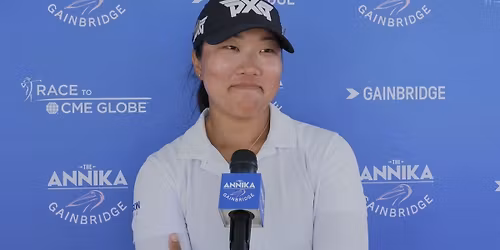 The ANNIKA Driven - Friday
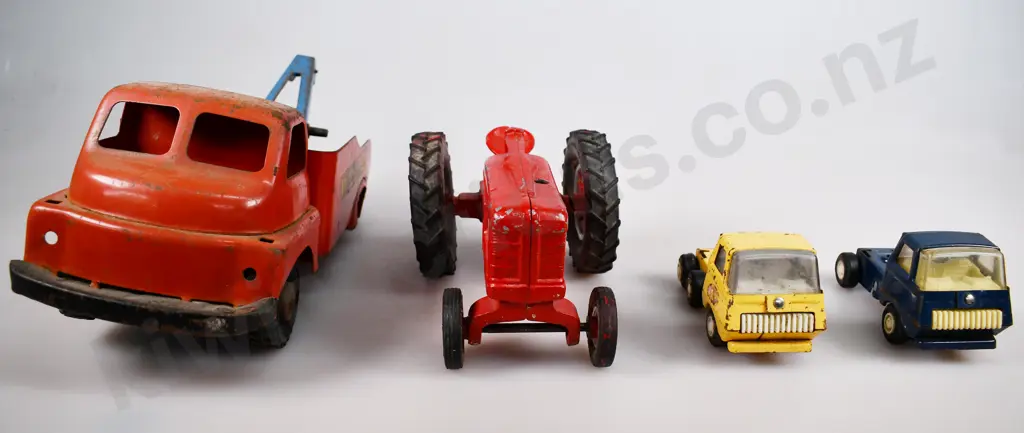 ASSORTED VEHICLES Image 1++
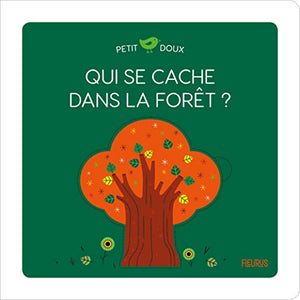 Qui se cache dans la forêt ?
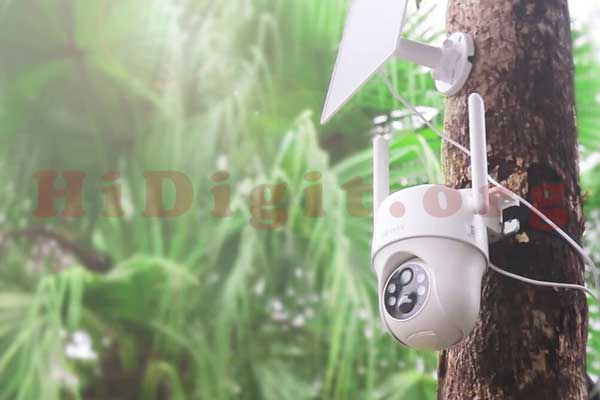 دوربین باغ | های دیجیت | HiDigit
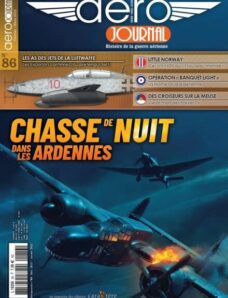 Aero Journal — Fevrier-Mars 2022
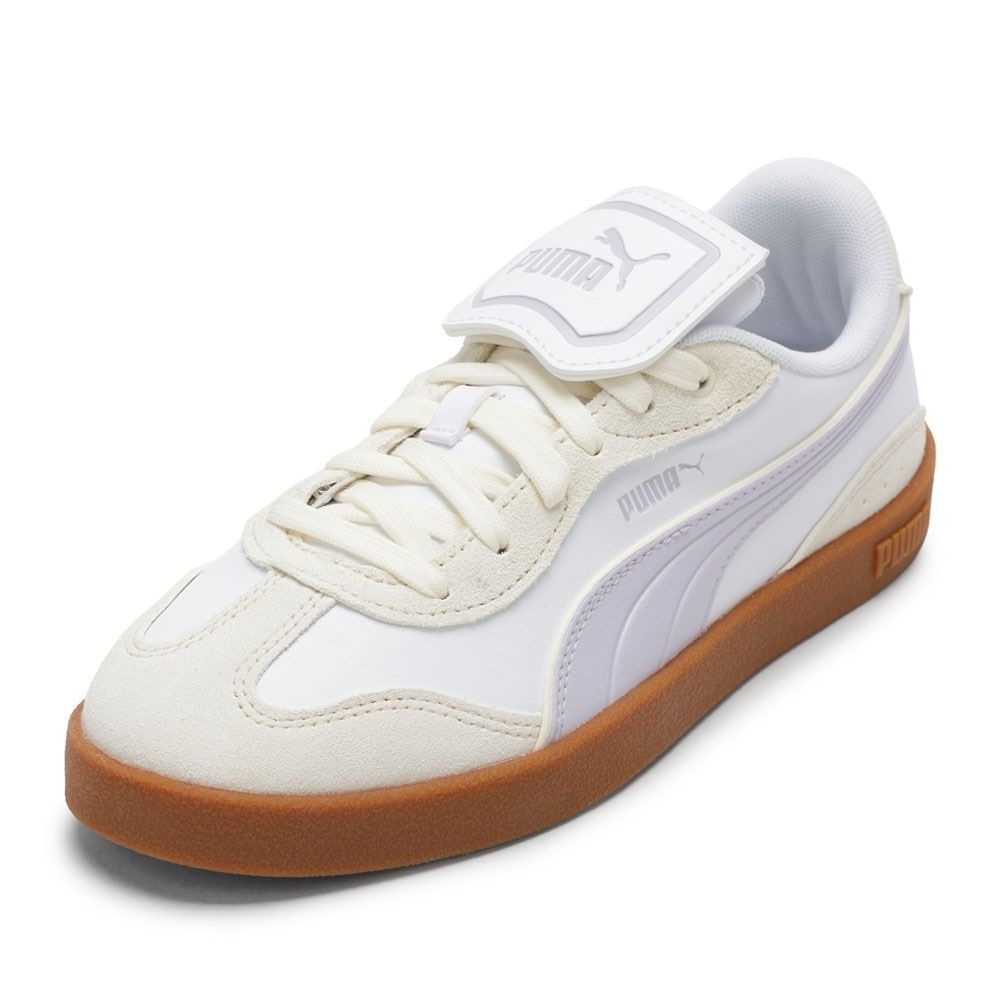 PUMA CLUB アズーラ LS（ホワイト） レディース PUMA プーマ 407405.01L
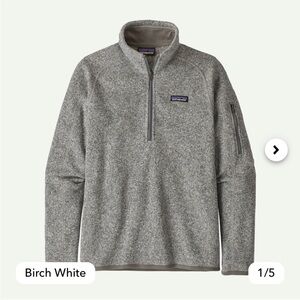 Patagonia Women’s Better Sweater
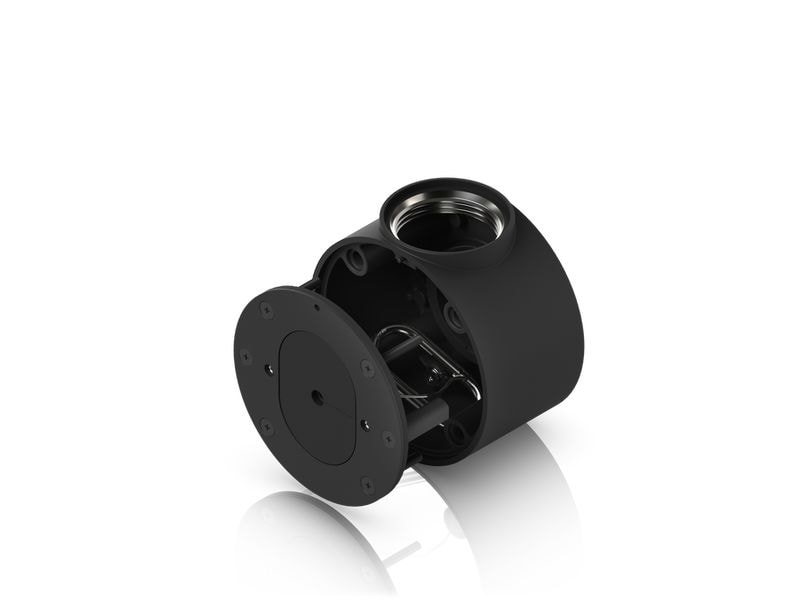 Ubiquiti | Camera Compact Junction Box | Schwarz 1 Stück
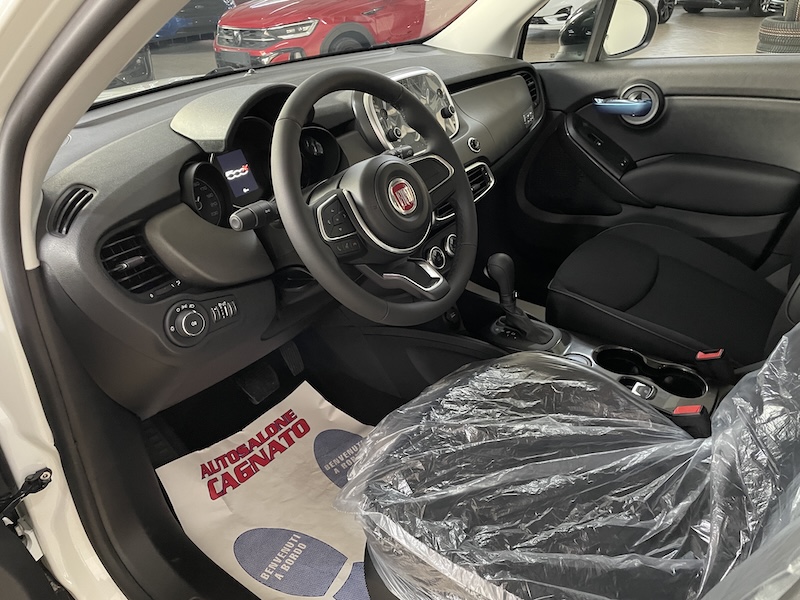 Fiat 500X 1.5 Hybrid DCT 130cv Km 0 Automatic - immagine 9
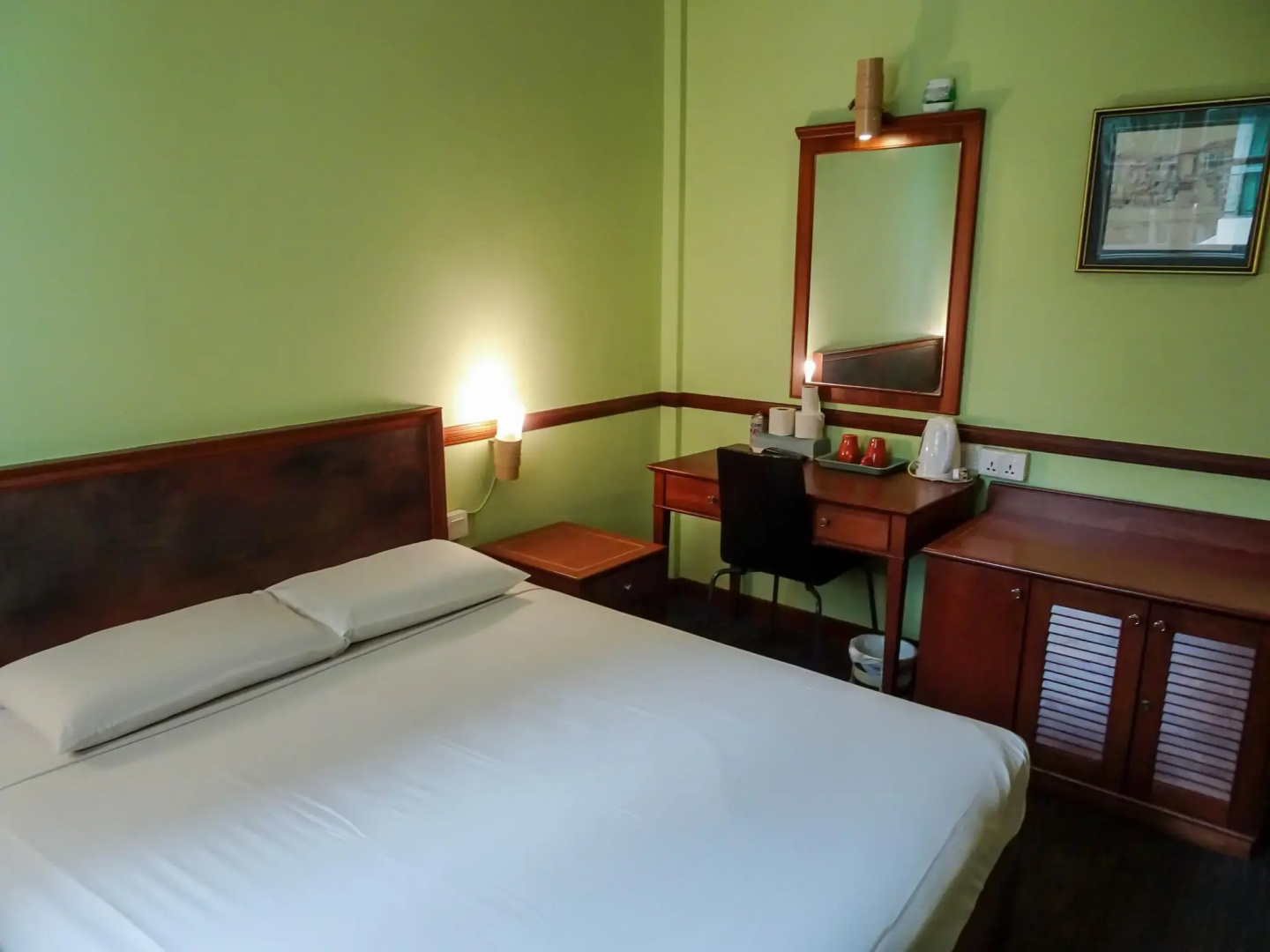 Four Chain View Hotel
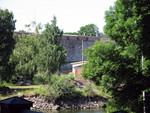 Suomenlinna Fortress walls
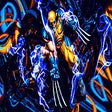 Icoon van programma: X-Men Wallpapers New Tab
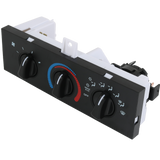 JDMSPEED A/C Heater Manual Climate Temp Control Panel 55055459AF Fits Dodge Ram 98-03 Van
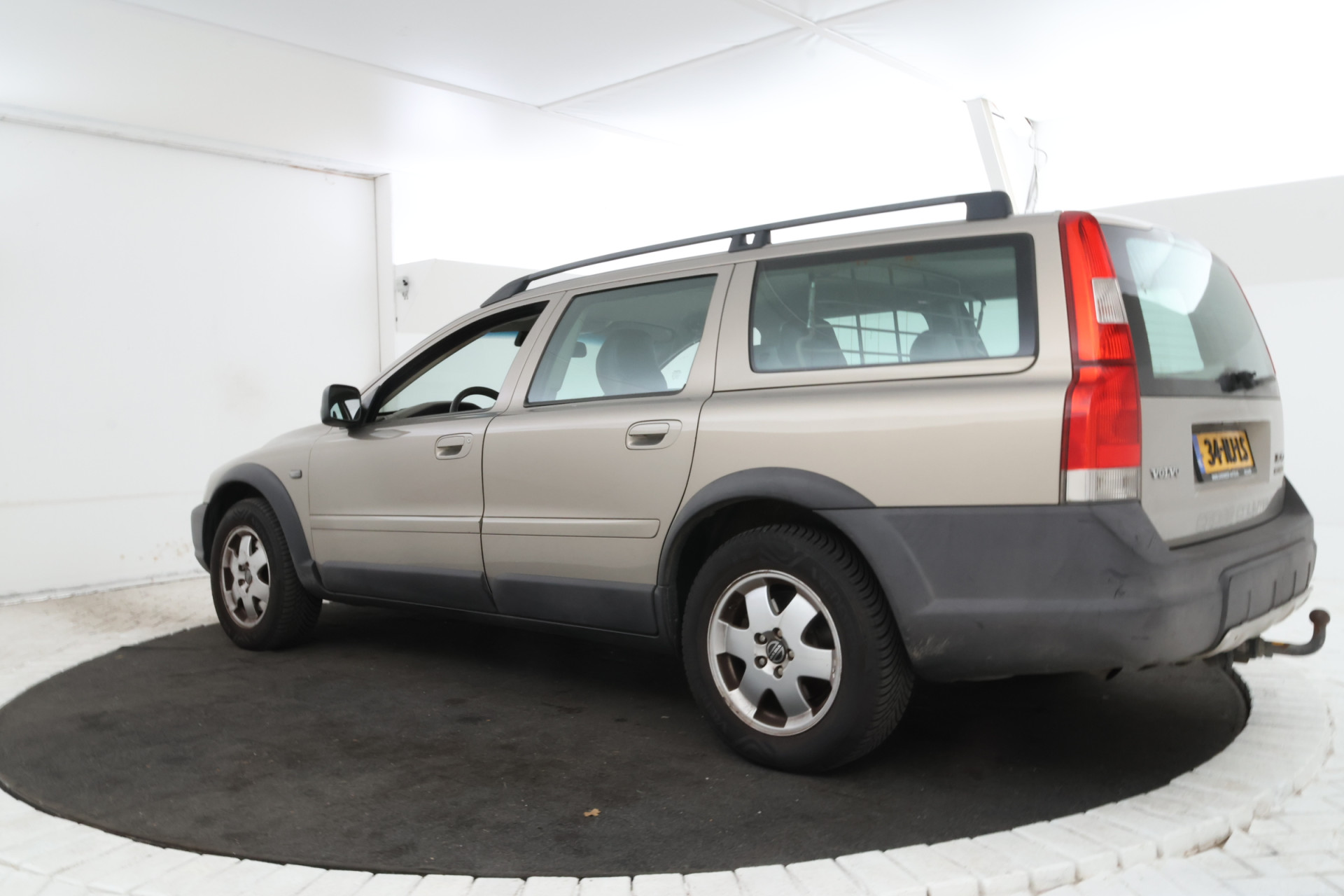 Foto van Volvo Xc70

* * * * * * * * *

Exercise details
Would you retype the listing above exactly, omitting its pictures?

Written response
 The ANNIKA Driven - Friday
 ASSORTED VEHICLES Image 1++
 Qui se cache dans la forêt ?
 دوربین باغ | های دیجیت | HiDigit
 Aero Journal — Fevrier-Mars 2022
 PUMA CLUB アズーラ LS（ホワイト） レディース PUMA プーマ 407405.01L
 Patagonia Women’s Better Sweater
 Ubiquiti | Camera Compact Junction Box | Schwarz 1 Stück
 Fiat 500X 1.5 Hybrid DCT 130cv Km 0 Automatic - immagine 9
 Four Chain View Hotel
 Suomenlinna Fortress walls
 Icoon van programma: X-Men Wallpapers New Tab
 JDMSPEED A/C Heater Manual Climate Temp Control Panel 55055459AF Fits Dodge Ram 98-03 Van
 Foto van Volvo Xc70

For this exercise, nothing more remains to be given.